Subject: & specific gradle tasks

> On Feb 18, 2020, at 2:19 AM, Pierre Smits <[EMAIL PROTECTED]> wrote:
Great question, and now you're getting into where the precommit stuff really shines. :)

There are two possible ways to do this:

a) Build a new test

b) Modify an existing test (e.g., unit)

To do either of those  means digging into the API, but there are plenty of examples of how do either of these in the various personality files that ship with Yetus. But a quick rundown:

Option A:  Building a new test:

Precommit works by basically looking for functions that tell it what to do. Adding a new test is a matter of adding new plug-in functions and telling precommit about the prefix name of the functions that have been defined. has the list of function suffixes, what they do, variables that may be useful, and general information about how to write a plug-in.

For a simple test:
-  calling 'add_test_type <name>' to give the prefix.
- a filefilter function to help  determine when this test should activate (e.g., documentation vs. actual source)
- one or more step functions to actually do the work.  For an integration test, testname_rebuild is the way to go.

There are 3 or 4 of these in the hbase personality.

Option B: Change unit

For something like integrationTests, though, it may be better to just patch the unit test to be called with different parameters. This is a bit harder to understand, but is significantly less coding.  To do this, you'll need to create a personality_modules function in your personality file.  In this personality file, you'll basically control the flow of each test that precommit will trigger.  Because of this power, it also means you can change the parameters that are passed.

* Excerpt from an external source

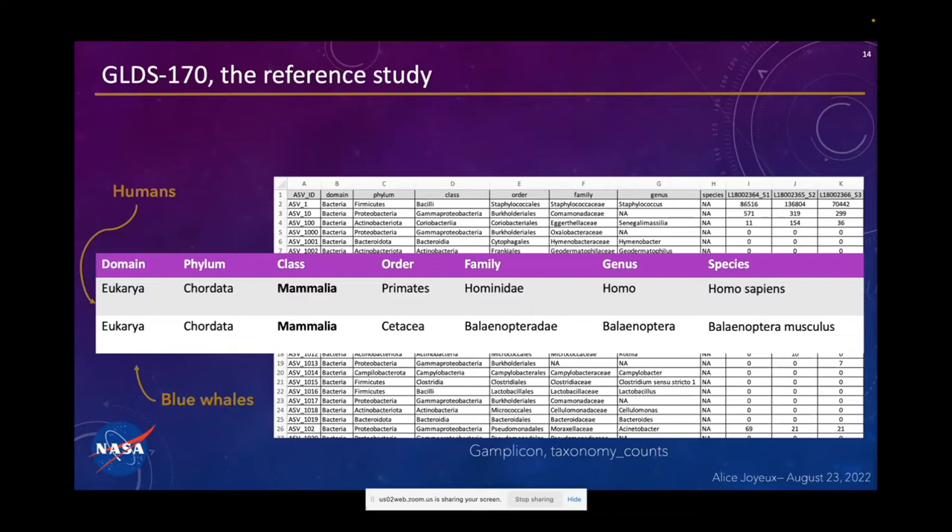But if I show you the same sort of table for humans and blue whales, there are some names that ring bells. You can see that humans and blue whales are classified the same way up to the class level, because we are both mammals, but then we get separated because we are part of the primates order and they are part of the Cetacea. Homo sapiens means humans, and Balaenoptera musculus means blue whale — that is the name of the species. The other table is exactly the same thing, but for bacteria.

Quite a few of the personalities have one of these functions. Some are very complex (Hadoop) and some are relatively simple (most of them, including Pig and and Yetus). But they all share something in common:  they have some sort of "if test is foo" statement that does some particular overriding or adding to a particular test and then pushing the rest back into the build queue.

In this particular case, there would be a check if the test type is unit and if so, set what the gradlew command line parameters should be by calling personality_enqueue_module . (parameters).  [That . means root of the source tree.  Some build systems break the source up into different modules and precommit understands that and can short-cut full builds.  Alas, gradle doesn't do that so its work is always at the root of the tree.  Someday it'd be great to understand gradle's source sets so that precommit can shortcut builds for it too.]


Which one is better is a matter of expected outcome and preferences.  Given that unit tests and integrationists are generally independent, I'd probably lean towards building a new test.  But you'll need to probably experiment and look at what others have done to see which choice is the correct one for you.